Wednesday, August 21, 2013


There are two sides debating in the Chinatown Working Group. Some want to see more tourists in Chinatown to support business. Developers, financiers, some business owners, the Business Improvement District, for example, sit on this side and arts purveyors as well. On the other side stand the labor and tenant adovocates who want business to serve the local residents. You might ask, why not have both, local services and toursim?
If only the sustainable market forces were balanced. But they’re not. Gentrification is an opportunistic tide that, once it gains an entry, will flood the locality resistlessly. To use urban planning to help the juggernaut of monopolistic market forces is unnecessary. The empowered need no help.
In any economy, there are vulnerable sectors even among the most sustainable. Local services are actually highly sustainable since local residents have consistent, reliable purchasing needs. You see those needs reflected in the streets of Chinatown. As long as the community remains, the local services will be sustainable.

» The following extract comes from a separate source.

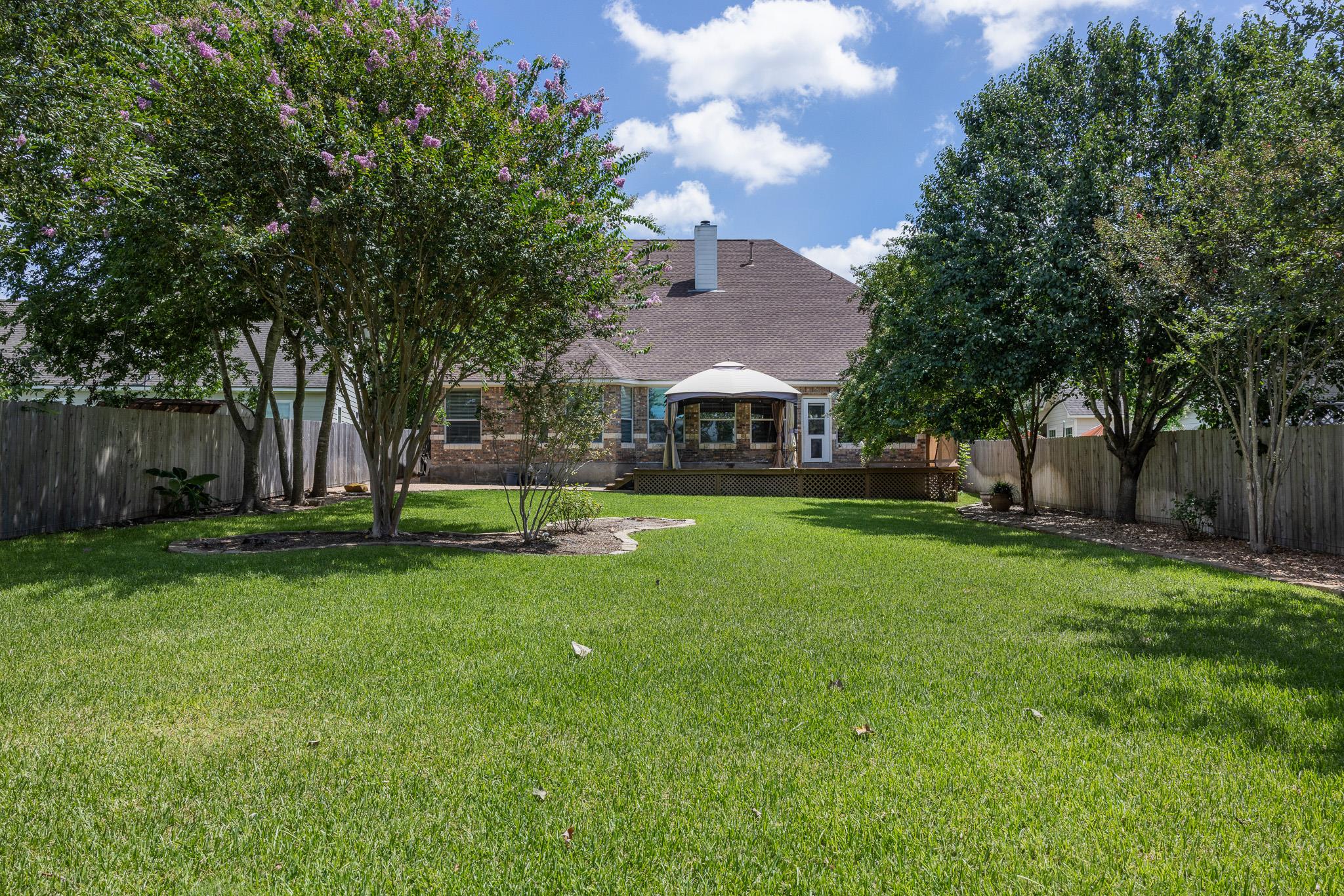 929 N Horton St, La Grange, TX 78945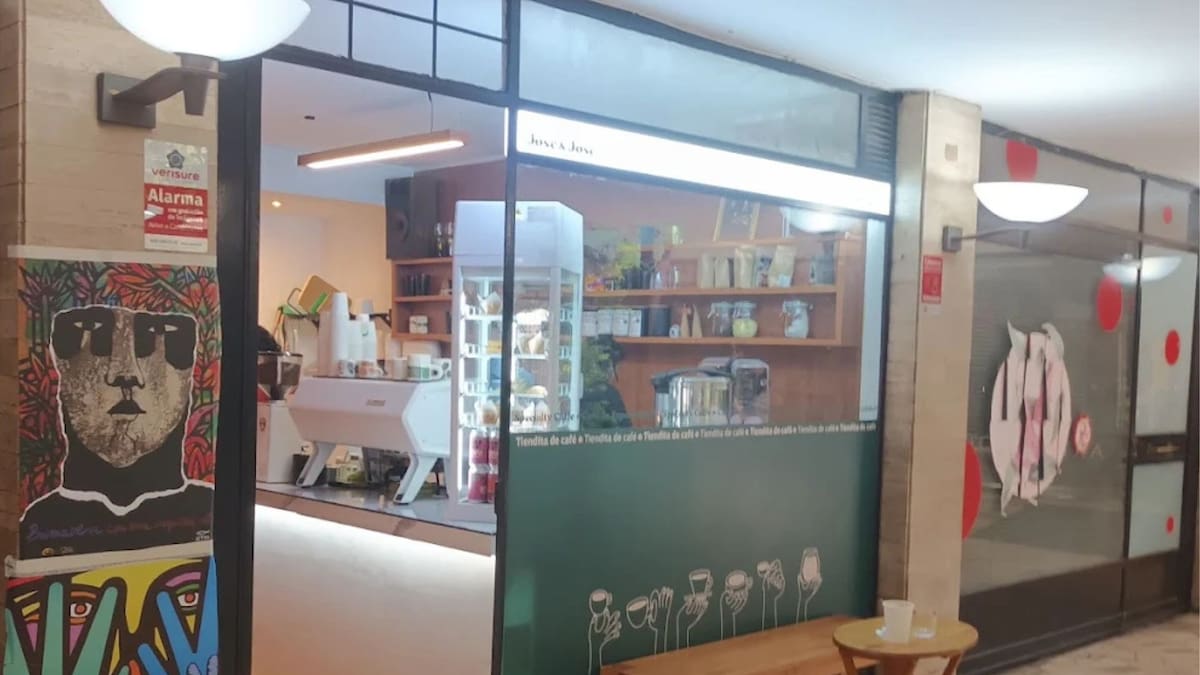 Esta cafetería inserta en una galería en el centro de Santiago es perfecta para ir después del trabajo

Although they are highly sustainable, local services are also highly vulnerable to attack from giant outside capital which has more resources, government connections and mobility. Ironically, the least vulnerable — giant capital, developers, big businesses, chain stores — are also the least reliable because they are mobile and least tied to the locality. Like a corporation that protects itself in bad times by laying off labor, giant corporations are most capable of protecting themselves at the expense of the locality, whereas small local servers depend on the locals.
Tourism is closely tied to development and big capital — high prices and upscale values that can be marketed to upscale spending. Local services, especially in Chinatown, depend on low prices and high volume. If giant capital gains a foothold, commercial rents will rise, replacing local services, and  gentrification will displace the community, killing the viability of any remaining local services. It’s a snowball effect.
This is not to say there shouldn’t be tourism in Chinatown. There’s always been tourism in Chinatown back all the way to the 19th century. But here’s the paradox of tourism: people come to Chinatown not to see a spectacle staged for them but to experience Chinatown as it is, a lively working community, culturally distinct from the rest of New York because it serves its own. Cater too much to the tourist, and you lose the Chinatown that tourists come for. You’d then have to market Chinatown as a brand, constantly hoping that that brand doesn’t go out of fashion. Chinatown business becomes the slave of an outside community that it has no control over, and it turns a community with businesses in it into a business with no community in it.

In planning, as everywhere, there are empowered sectors that need no help, and disempowered groups that need support. Were it not for the 1% predators, the 99% disempowered would be fully sustainable. That’s why planning should always keep as its goal protecting the disempowered and avoiding giving ground to giant capital.